Pretty pictures and pretty terrible bass fishing: That’s the deal with a common fall occurrence with a pleasant name belying a profoundly unpleasant truth.

“Bluebird” days, which occur after a cold front passes, take their name from the ultra-clear blue skies and super bright sunshine. High pressure sets in, colors pop, the air is crisp and fresh, and there’s no wind. Sounds beautiful, right?

Well, if you’re leading a hiking tour, or an outdoor photography class, then yeah, it’s pretty sweet. If you’re trying to catch bass? Mmm, not so much.

Bluebird days don’t necessarily mean that bass don’t want to eat. Last time I checked, fall comes right before winter and the days of abundant food are soon to dwindle. Therefore, every critter with fins, feathers, or fur on its back knows this is the season to pack on the weight.

However, as Texas guide Stephen Johnston explains, it’s simply a matter of comfort. Bass, particularly those finicky largemouth, are easily offended by weather changes. But anglers who understand the fish’s needs can easily adjust their tactics to accommodate the pouting, yet still hungry fish.

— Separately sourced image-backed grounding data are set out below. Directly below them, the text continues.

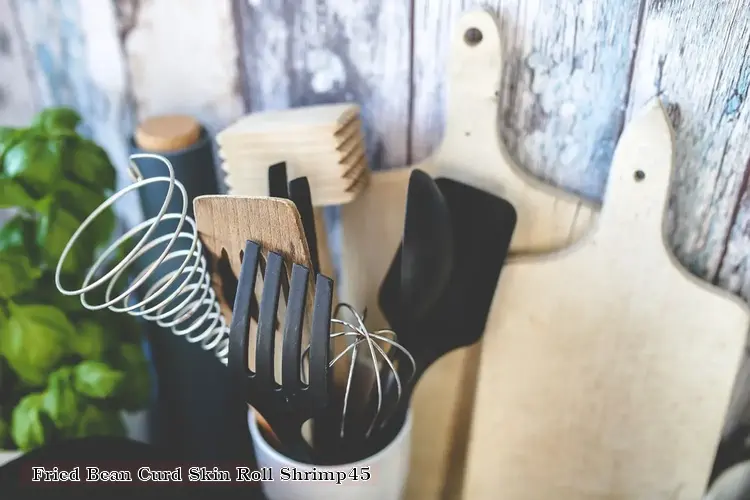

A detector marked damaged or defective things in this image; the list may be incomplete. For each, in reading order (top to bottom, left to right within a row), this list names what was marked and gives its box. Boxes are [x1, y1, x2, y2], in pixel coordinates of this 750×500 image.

peeling paint on wood [0, 0, 36, 127]
peeling paint on wood [13, 0, 141, 227]
peeling paint on wood [117, 0, 245, 137]
peeling paint on wood [234, 0, 412, 171]
peeling paint on wood [412, 0, 648, 199]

“The first thing you do as a fisherman once that sun gets up is you put your sunglasses on,” Johnston notes. “Fish can’t do that. They don’t have eyelids or anything to protect their eyes, so on those high-pressure, bluebird days, they’re going to go down and get up against something to block that glare of the sun.”

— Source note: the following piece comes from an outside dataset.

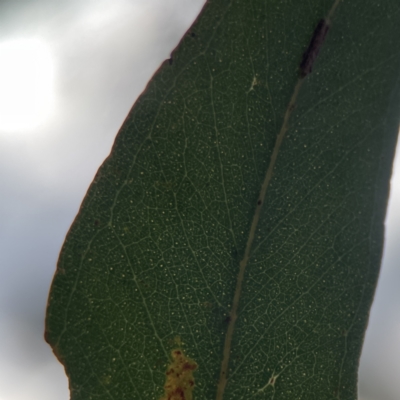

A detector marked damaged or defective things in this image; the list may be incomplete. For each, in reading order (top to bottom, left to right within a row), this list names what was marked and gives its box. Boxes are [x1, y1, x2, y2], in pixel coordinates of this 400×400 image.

small rust spot [159, 346, 197, 400]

Bass will use any shadow to break the intense glare of a relentless sun, including stumps, rocks, docks, water hyacinths, lily pads, and big laydowns. Now, bass use these same habitats beyond bluebird days, but as Johnston explains, the day-to-day difference is proximity.

“Those fish don’t roam around on those high-pressure days,” he said. “On a normal feeding day, you might have a fish that roams within a 20- to 30-yard area around that cover to feed. Well, on those bluebird days, he’s going to back right up against that stump where he’s shaded and that glare isn’t in his eyes.”

Anglers should take away two relevant points: Slow down and keep it close.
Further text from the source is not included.